Mikael Näsström, Tektronix EMEA Marketing Director, presented Mr.
Ainslie with his prize. He commented, "We've come a long way since the
511AD. After sixty-five years and over 700 patents, we're proud that we are
still leading the market in technology, innovation and great products."






 

Hi Jamie,
AFAIK Alan Ainslie is alive and well since he posted a message this past May but since he receives TekScopes in full digest form he may not be aware of this until tomorrow.

Dennis Tillman W7PF

-----Original Message-----
From: TekScopes@groups.io [mailto:TekScopes@groups.io] On Behalf Of Jamie Ostrowski
Sent: Saturday, September 14, 2019 7:59 PM

Does anyone know if there are any photos of Alan Ainslie's Tek oscilloscope collection? I read he had around 400 of them. It would be a pity if a collection of that size were not photographed! I was unable to find anything.
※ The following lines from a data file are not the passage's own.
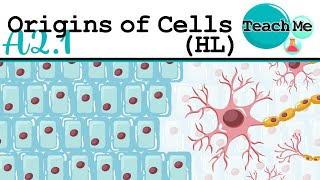 A21  Origins Of Cells  IB Biology HL [upl. by Davidoff]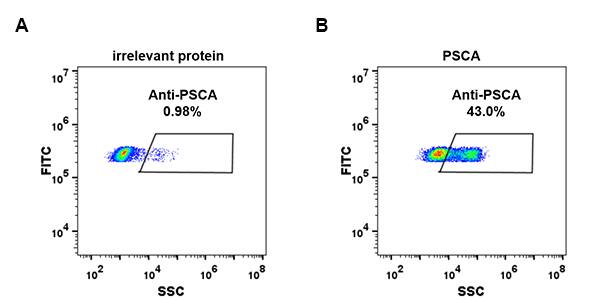 PSCA Antibody (DM87)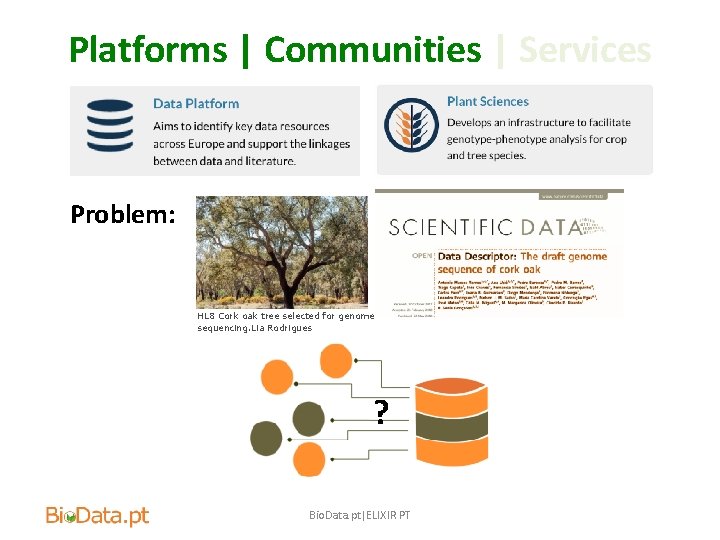 Platforms | Communities | Services Problem: HL 8 Cork oak tree selected for genome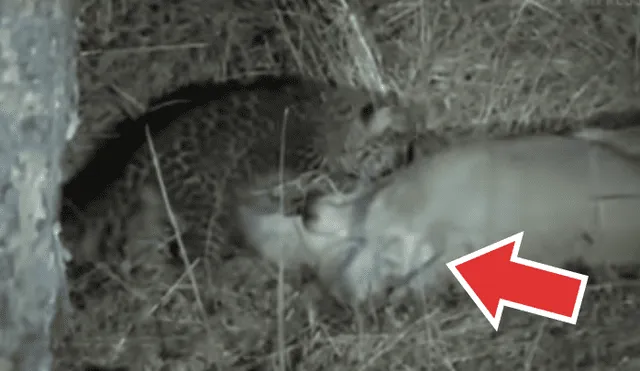 YouTube viral: miles se conmueven por increíble acto de una mamá leona que adoptó a bebé leopardo [VIDEO]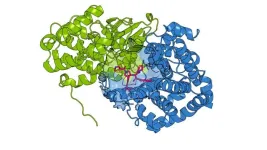 Seeing double: Designing drugs that target “twin” cancer proteins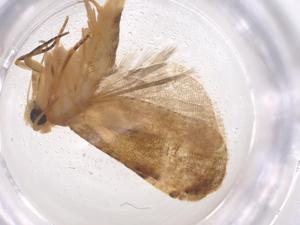  ( - CBG-A55608-G01)  @11 [ ] CreativeCommons - Attribution Share - Alike (2024) Centre for Biodiversity Genomics Centre for Biodiversity Genomics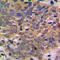 Akt antibody, LS-C351798, Lifespan Biosciences, Immunohistochemistry frozen image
On Sat, Sep 14, 2019 at 8:37 PM Dave Daniel <kc0wjn@...> wrote:

Hmmm.. I have (and had back in 2014) a working 310.

As cool as an MDO would be, and not that I want a 'scope that I can't
repair when (not if) it breaks, but there have to be hundreds of
owners of vintage Tektronix 'scopes out there that own working 'scopes
that are older than the 511 cited in the post, Europe or not.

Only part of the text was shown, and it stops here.